With a rubber spatula, mix in the flour mixture until just incorporated. Fold in the cranberries and transfer the batter to the prepared pan. Bake for 55 minutes or until a toothpick inserted into the center of the bread comes out clean. Cool the bread in the pan for 5 minutes before taking it out. Cool completely before serving.

Cheese Buldak

August 20, 2019

This is a delicious recipe- a Korean version of chicken parm.. kind of- it has Korean rice cakes mixed with tomato sauce and the iconic Korean pepper paste, gochujang! If you like Korean food and want to try something at home, this is a great way to experiment.
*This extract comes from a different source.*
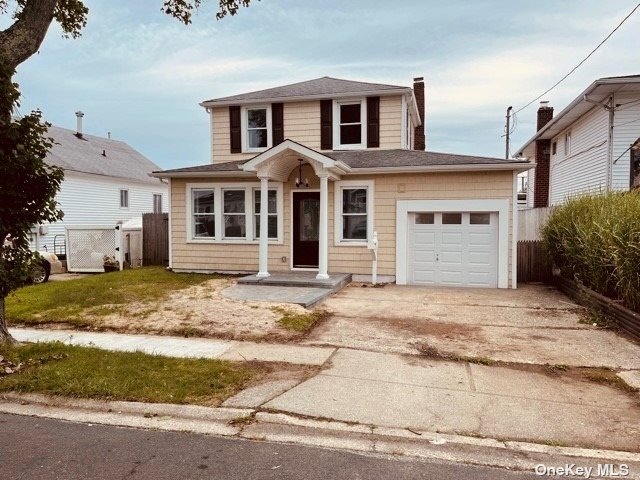 Single Family in Lindenhurst - Clearwater  Suffolk, NY 11757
I have made the recipe more accessible and not as spicy.

¼ cup gochugaru (Korean red-pepper flakes)

2 tablespoons gochujang (Korean red-pepper paste)

3 tablespoons light brown sugar

3 cloves garlic, peeled and minced (about 2 tablespoons)

1 (1-inch) piece ginger, peeled and minced (about 1 tablespoon)

1 tablespoon soy sauce

½ teaspoon freshly ground black pepper

1 pound boneless, skinless chicken thighs, cut into ¾-inch cubes

2 tablespoons neutral oil, such as canola or peanut

4 ounces sliced Korean rice cakes (optional)

6 to 8 ounces low-moisture mozzarella, thinly sliced

2 scallions, sliced, for garnish

 

Combine the gochugaru, gochujang, brown sugar, garlic, ginger, soy sauce and black pepper in a medium bowl and mix well. Add the chicken and stir until it is well coated.

If you’re using the rice cakes, swirl the oil into a large, oven-safe skillet set over medium-high heat and wait for it to shimmer. Add the rice cakes and cook, turning the cakes often, until they are a little crisp, 3 to 4 minutes. Transfer the rice cakes to a small bowl and set aside. If you’re not using rice cakes, simply swirl the oil into the pan and move along to the next step.

Add the chicken mixture to the pan along with ¼ cup water. Cover and cook over medium-high heat, stirring occasionally, until the chicken is cooked through, 8 to 10 minutes, stirring in the rice cakes halfway through, if using. Meanwhile, heat the broiler in your oven.

Remove the chicken from the heat. Cover the pan with the sliced mozzarella, then slide the pan under the broiler. Cook until the cheese has melted and browned in spots, about 2 minutes. Remove from the oven, and sprinkle with scallions. Serve immediately, with rice.